=================
Loading Resources
=================

99\% of the time, you will load spaCy's resources using a language pipeline class,
e.g. `spacy.en.English`. The pipeline class reads the data from disk, from a
specified directory.  By default, spaCy installs data into each language's
package directory, and loads it from there.

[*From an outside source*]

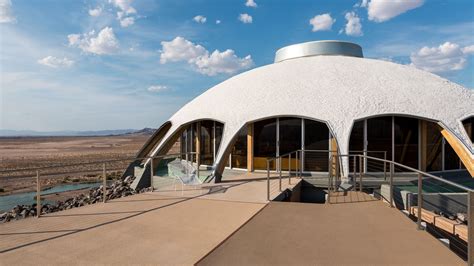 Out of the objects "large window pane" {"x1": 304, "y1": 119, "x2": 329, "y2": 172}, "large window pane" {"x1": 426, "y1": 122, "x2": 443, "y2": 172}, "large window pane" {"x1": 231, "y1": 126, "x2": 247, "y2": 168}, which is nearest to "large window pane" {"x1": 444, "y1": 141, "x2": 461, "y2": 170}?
"large window pane" {"x1": 426, "y1": 122, "x2": 443, "y2": 172}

Usually, this is all you will need:

    >>> from spacy.en import English
    >>> nlp = English()

If you need to replace some of the components, you may want to just make your
own pipeline class --- the English class itself does almost no work; it just
applies the modules in order. You can also provide a function or class that
produces a tokenizer, tagger, parser or entity recognizer to :code:`English.__init__`,
to customize the pipeline:

    >>> from spacy.en import English
    >>> from my_module import MyTagger
    >>> nlp = English(Tagger=MyTagger)

In more detail:

.. code::

  class English(object):
      def __init__(self,
        data_dir=path.join(path.dirname(__file__), 'data'),
        Tokenizer=Tokenizer.from_dir,
        Tagger=EnPosTagger,
        Parser=Createarser(ArcEager),
        Entity=CreateParser(BiluoNER),
        load_vectors=True
      ):

:code:`data_dir`
  :code:`unicode path`

  The data directory.  May be None, to disable any data loading (including
  the vocabulary).

:code:`Tokenizer`
  :code:`(Vocab vocab, unicode data_dir)(unicode) --> Doc`
  
  A class/function that creates the tokenizer.

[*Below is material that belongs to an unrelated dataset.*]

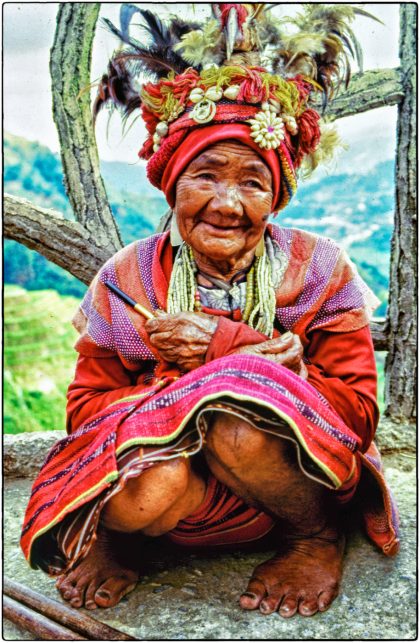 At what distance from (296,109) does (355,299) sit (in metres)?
0.66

:code:`Tagger` / :code:`Parser` / :code:`Entity`
  :code:`(Vocab vocab, unicode data_dir)(Doc) --> None`
  
  A class/function that creates the part-of-speech tagger /
  syntactic dependency parser / named entity recogniser.
  May be None or False, to disable tagging.

:code:`load_vectors`
  :code:`bool`
  A boolean value to control whether the word vectors are loaded.